We evaluate whether it is appropriate to record the gross amount of sales and related costs or the net amount earned as revenue. Generally, when we are primarily obligated in a transaction, are subject to inventory risk, have latitude in establishing prices and selecting suppliers, or have several but not all of these indicators, revenue is recorded at the gross sales price. We generally record the net amounts as revenue earned if we are not primarily obligated and do not have latitude in establishing prices. Such amounts earned are determined using a fixed percentage, a fixed-payment schedule, or a combination of the two. All revenue, other than Spreebird daily deals revenue and web hosting revenue, is recognized on a gross basis.

Allowance for Doubtful Accounts Our management estimates the losses that may result from that portion of our accounts receivable that may not be collectible as a result of the inability of our customers to make required payments. Management specifically analyzes accounts receivable and historical bad debt, customer concentration, customer credit-worthiness, current economic trends and changes in customer payment terms when evaluating the adequacy of the allowance for doubtful accounts. If we believe that our customers' financial condition has deteriorated such that it impairs their ability to make payments to us, additional allowances may be required.

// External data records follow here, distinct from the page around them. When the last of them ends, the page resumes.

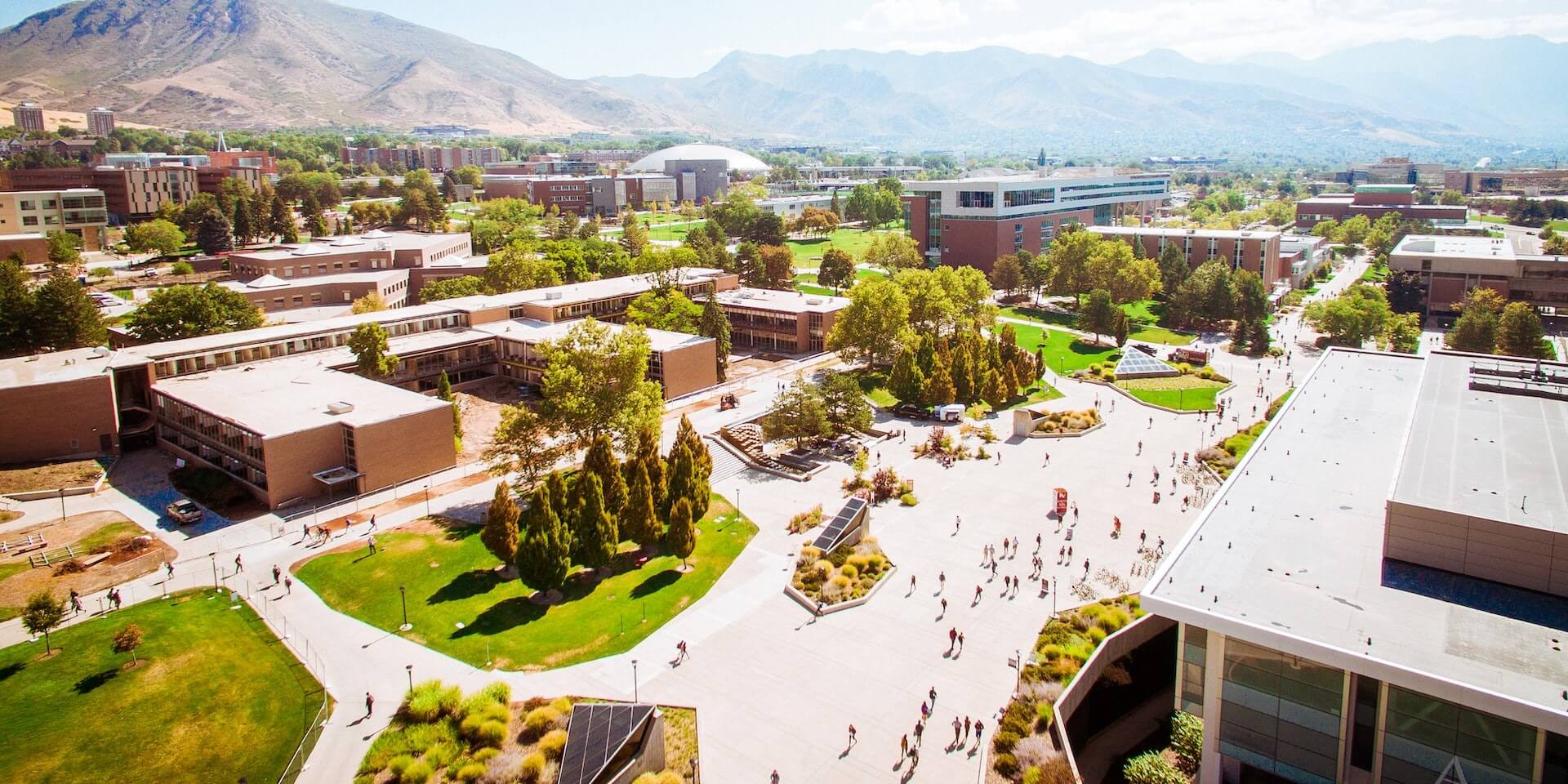 college campus aerial view of a bustling college campus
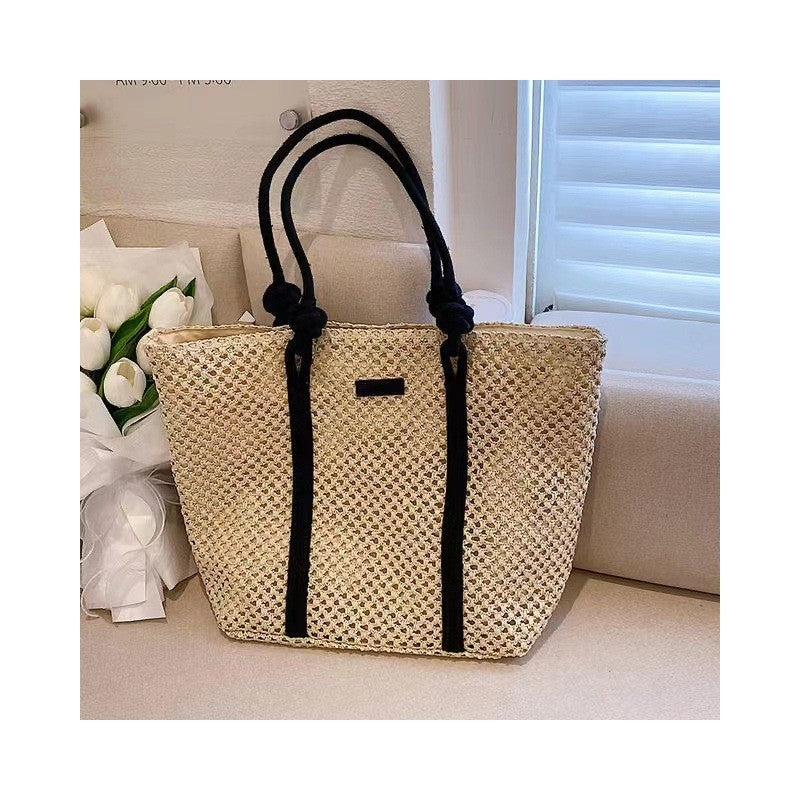 Woven Bag with Hollow-Out Design and Spacious Storage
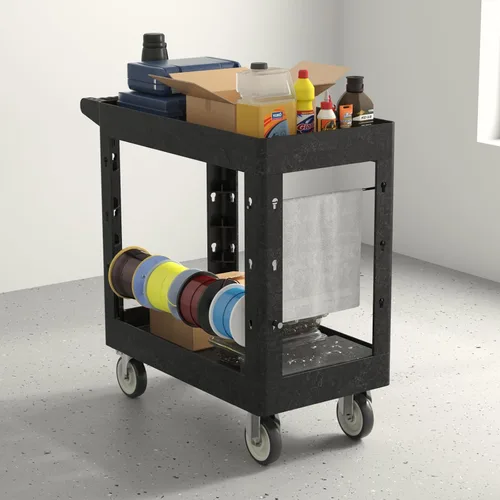 Vista 7 de Carrito utilitario con ruedas, carrito de servicio rodante de capacidad de 1000 libras, carros de trabajo de 34 x 17 pulgadas, carrito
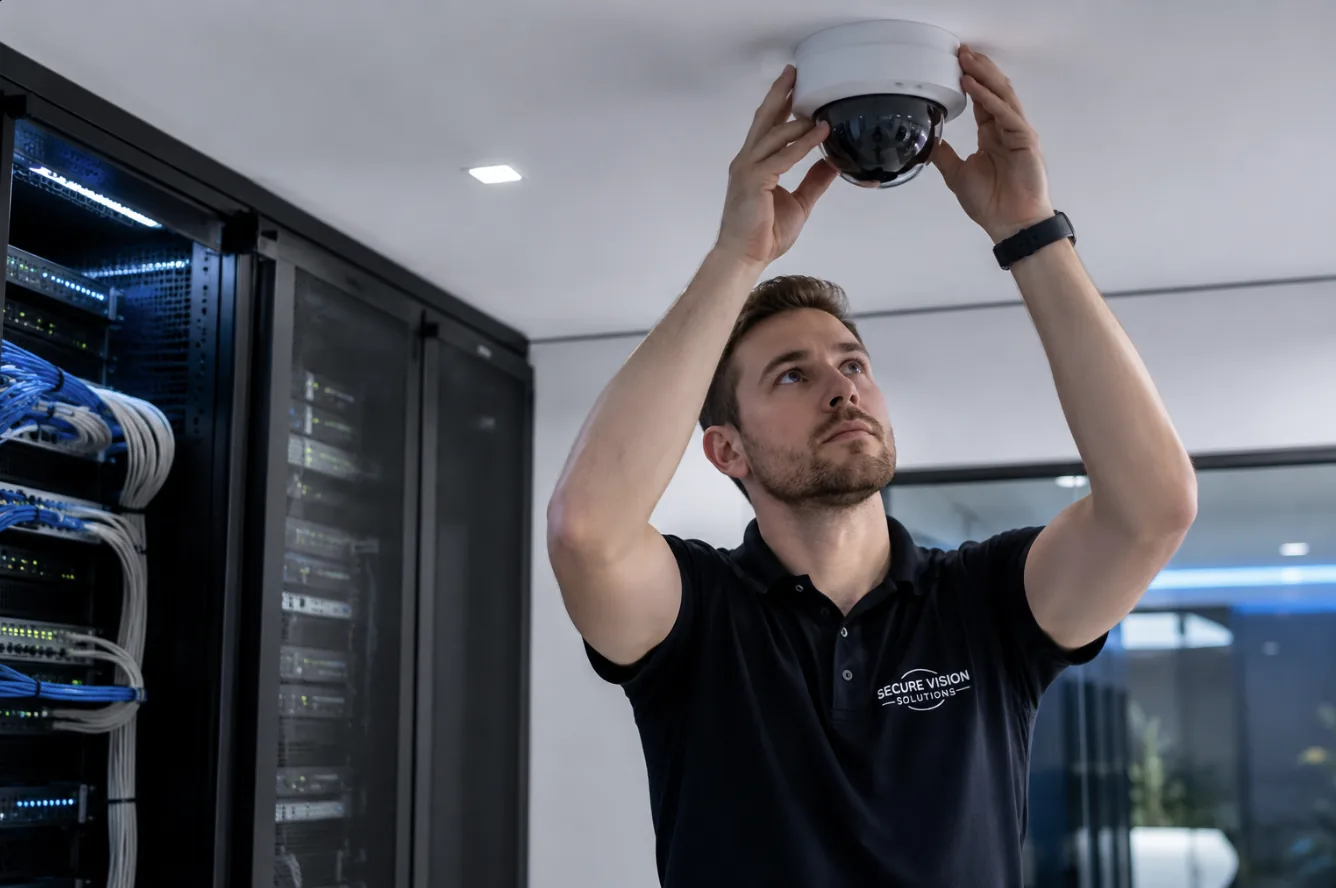 Technician installing a dome security camera near a network rack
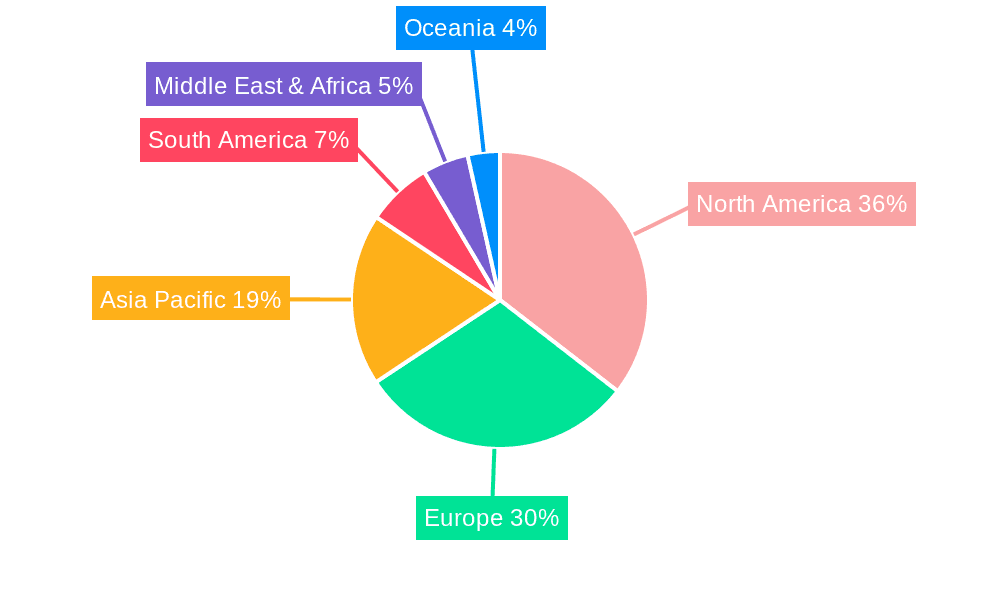 Sit-on-top Surf Kayaks Market Share by Region - Global Geographic Distribution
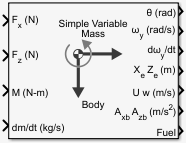 Simple Variable Mass 3DOF (Body Axes) block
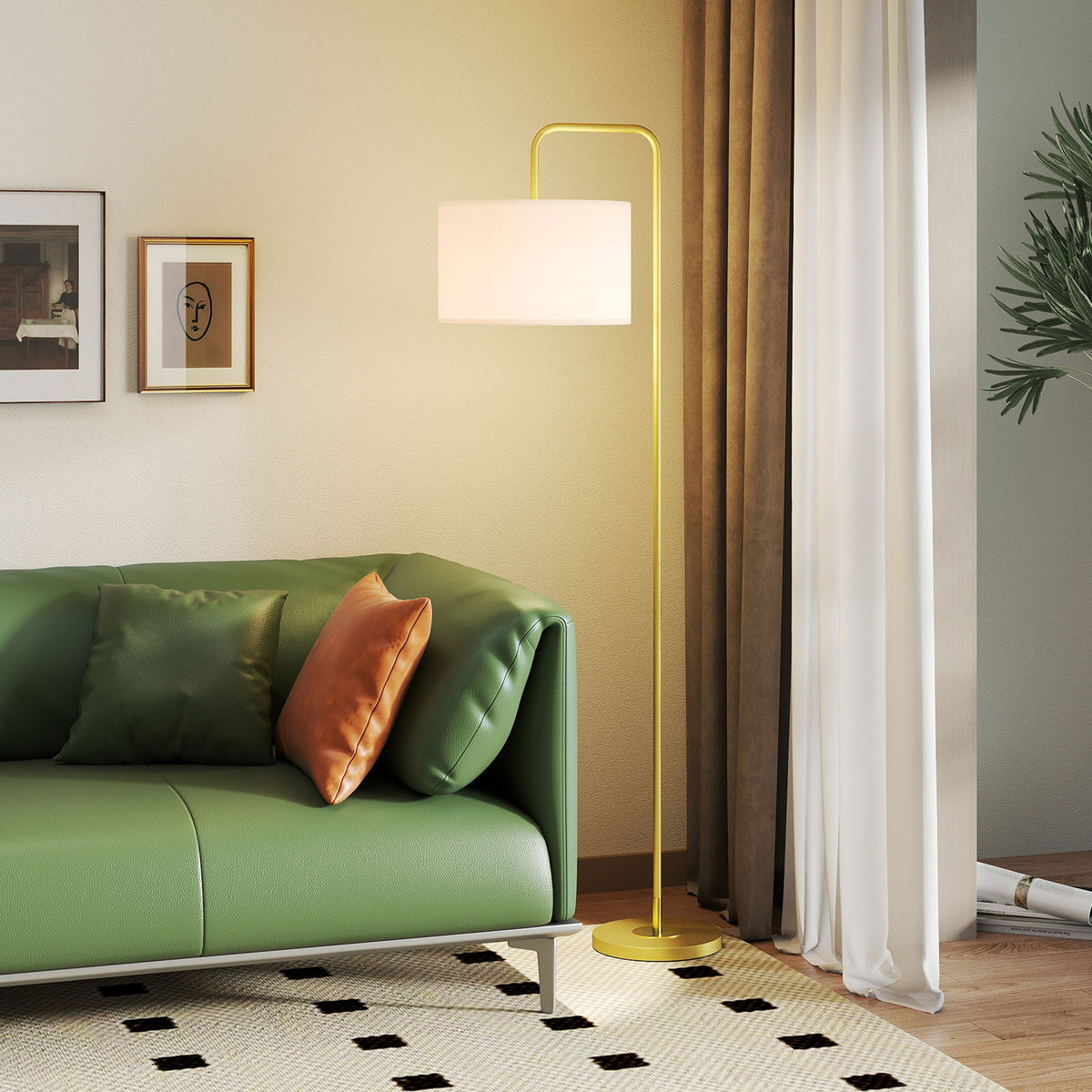 HOMCOM Arched Floor Lamp with Linen-Effect Fabric Shade and Steel Foot Switch, Gold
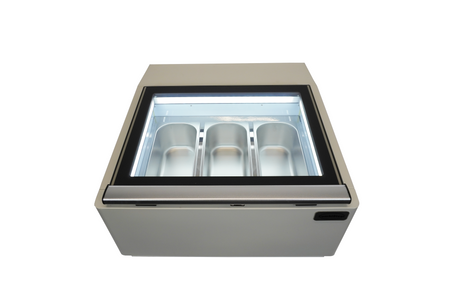 Speiseeisvitrine Tischmodell Bedienungsseite / Weiß / Combisteel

We review past due accounts on a monthly basis and record an allowance for doubtful accounts generally equal to any accounts receivable that are over 90 days past due and for which collectability is not reasonably assured.

As of September 30, 2012 and December 31, 2011, two customers, Yahoo! and Google represented 56% and 47% of our total accounts receivable, respectively. These customers have historically paid within the payment period provided for under their contracts and management believes these customers will continue to do so.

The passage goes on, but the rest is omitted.